Rather, these decisions are made by complex political processes, which are designed to represent the public interests. It is, however, worthwhile to invest in the unique needs and hopes of individual stakeholders and various stakeholder groups because they are the ones who operate in the trenches of the public school system, and without their buy-in the promise of our public schools stops at the steps of the capital building.

Families’ Desires

Let us begin by looking at the desires of our public school students. Largely, what students want most from their education is engagement. Essentially, they don’t want to be bored. In fact, engagement in school is the number one reason that students choose to stay in school. This is especially true for students living in poverty (Gallup 2015; Jensen 2013). Unfortunately, many of our students are disengaged from school.

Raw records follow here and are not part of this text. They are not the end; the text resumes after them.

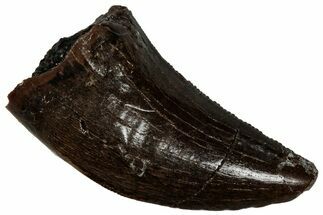 Serrated, Tyrannosaur (Nanotyrannus) Tooth - Montana #350392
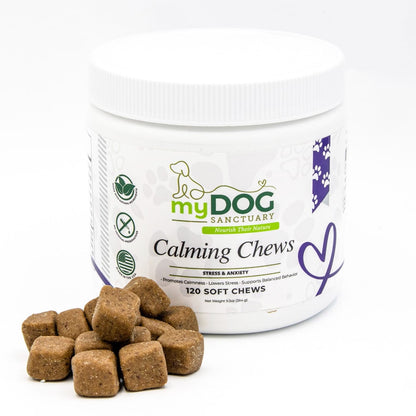 Tranquil Haven™ Calming Chews from My Dog Sanctuary – Dog Anxiety Support Treats
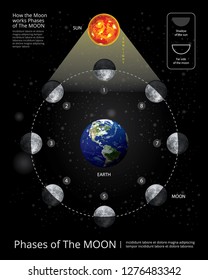 Movements of the Moon Phases Realistic Vector Illustration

In one large-scale survey by Yazzie-Mintz (2007), only two percent of high school students said they were never bored. Over thirty percent of the students said that they did not have day-to-day interactions with their teachers (that would foster personal relationships and increase engagement), and seventy-five percent said that school was not interesting or relevant to their lives. According to Shernoff, Csiksquentmihalyi, Scheider, and Shernoff (2003), the average high school student spends twenty-five percent of her day in a state of complete apathy.

Yet another study found that students as young as fifth grade spent over ninety-percent of their time listening to teachers lecture or working silently and independently at their desks despite their preference for hands on and collaborative learning activities. And, sadly, our students from poverty are the least likely to receive engaging instruction and curriculum (Pianta et al. 2007).

Engagement refers to students’ enthusiasm for school—it is the intrinsic investment and effort in learning; and student engagement is the number one difference between low-performing schools and high-performing schools (Gallup 2015). However, there are many factors that contribute to engagement beyond simply a student’s interest in the subject matter.

A student’s sense of belongingness, her feeling of competence, the amount of autonomy she has, and the meaningfulness of her learning all factor into her level of engagement. Competence, autonomy, and meaningfulness as drivers of intrinsic motivation are themes that have been discussed by Pink (2011) when he points to the will-drivers of mastery (competence), purpose (meaningfulness), and autonomy, as well. Students, it seems, are no different from employees when it comes to what inspires them to harness their passion and pursue their purpose.

Students feel a sense of belonging if the culture of the school is one that seems to care about their positive well-being.